> [RECORDS FOR PROCESSING]
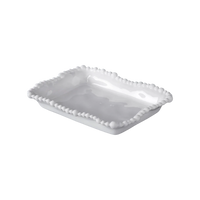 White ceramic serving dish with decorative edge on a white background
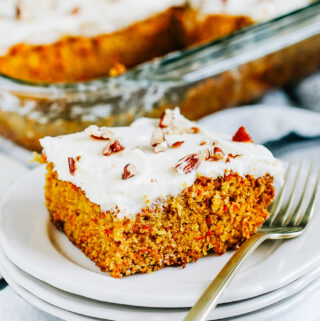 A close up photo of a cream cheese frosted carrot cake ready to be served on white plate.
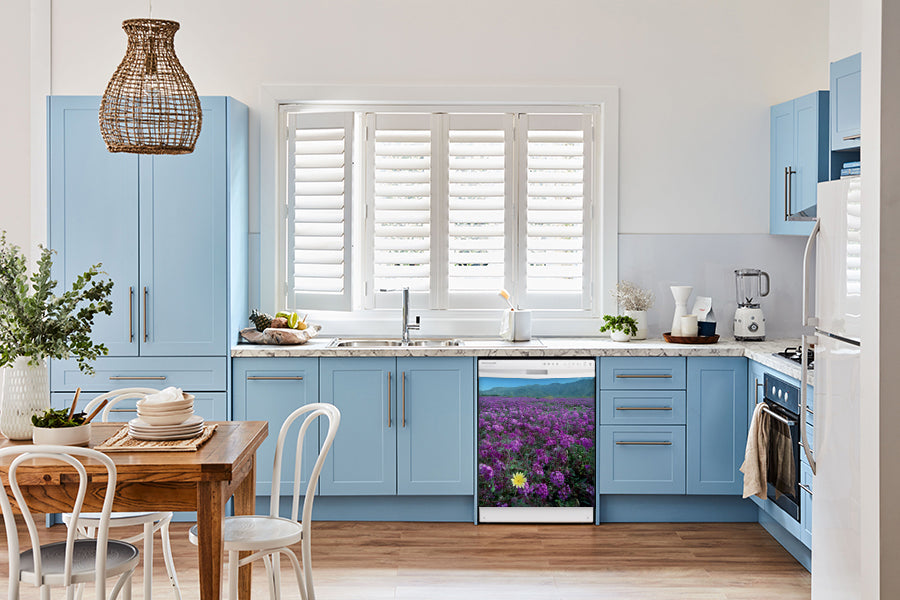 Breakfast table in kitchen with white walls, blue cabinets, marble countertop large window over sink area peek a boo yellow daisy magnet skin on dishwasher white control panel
---
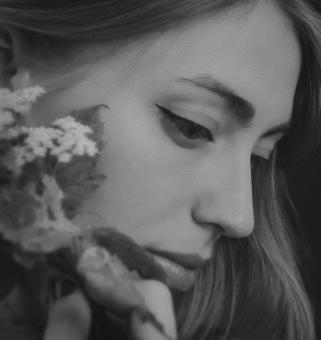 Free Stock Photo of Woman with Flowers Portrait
==
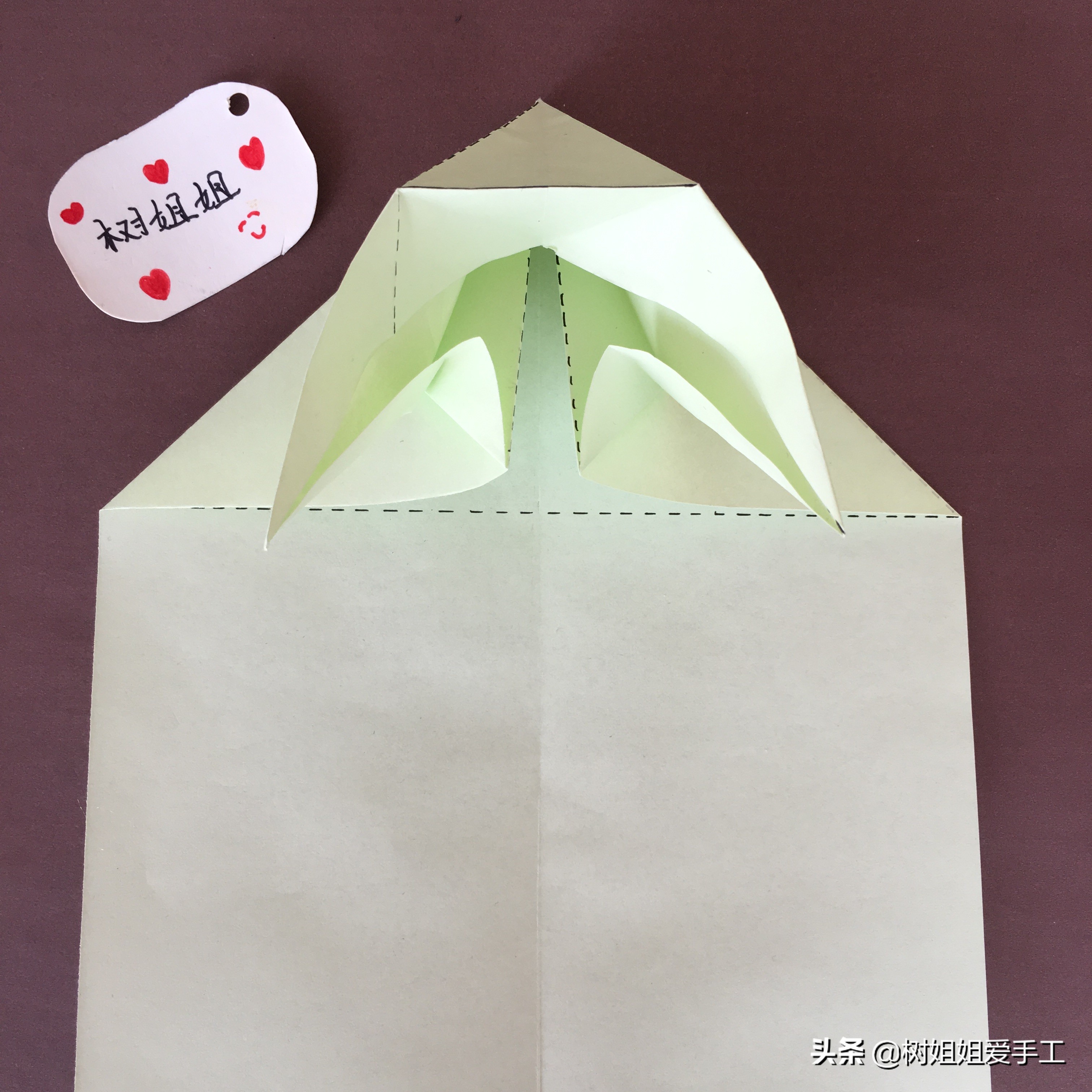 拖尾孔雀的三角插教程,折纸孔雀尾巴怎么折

> [PROBLEM TO SOLVE] The copy should hold exactly the lines above from the one with "A close up photo" through the one with "Breakfast table in", both ends counted, and no pictures at all.

> [EXERCISE RESPONSE]
 A close up photo of a cream cheese frosted carrot cake ready to be served on white plate.
 Breakfast table in kitchen with white walls, blue cabinets, marble countertop large window over sink area peek a boo yellow daisy magnet skin on dishwasher white control panel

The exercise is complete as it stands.